Last week all of the KTRU files finished their next phase of transformation. Both the master files (WAV) and the access files (MP3) have embedded metadata. While the metadata that each format accepts varies, each file has a title, date, and other relevant information within the file.
For example, if you play a music CD on your computer, embedded metadata tells the computer the name, artist, and duration for each song file. The same is true for KTRU’s digital files, but the WAV files contain a bit more information like detailed descriptions.
How did we do it? First, we used an open source software called BWF MetaEdit for embedding information into the WAVs. Our metadata coordinator, Scott Carlson created some Excel spreadsheets that helped make the embedding process easier and more automated.
For MP3s, we used a Python script that Scott wrote. He was unable to find a reliable open source software to write metadata to MP3s, so he created his own. It also helped automate the process.
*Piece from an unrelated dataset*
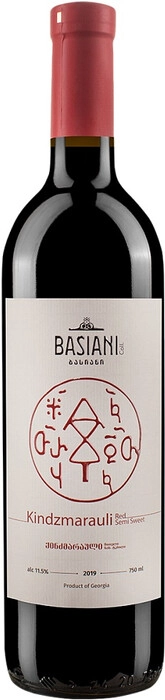 Вино Basiani   Kindzmarauli      2019  750 мл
If any of this doesn’t make sense, there was a lot of copying and pasting of information involved.
Why do this? If we didn’t embed metadata, the files would have no information beyond a the file name. Embedding metadata ensures that 10 years down the line, the file can tell its story.
What’s next? All of the WAVs and MP3s will be sorted into what can go online and what cannot go online, but will be nearline (can only be listened to in the reading room). After that, we will need to use our old metadata and create some new metadata to prepare items to go in the institutional repository (scholarship.rice.edu).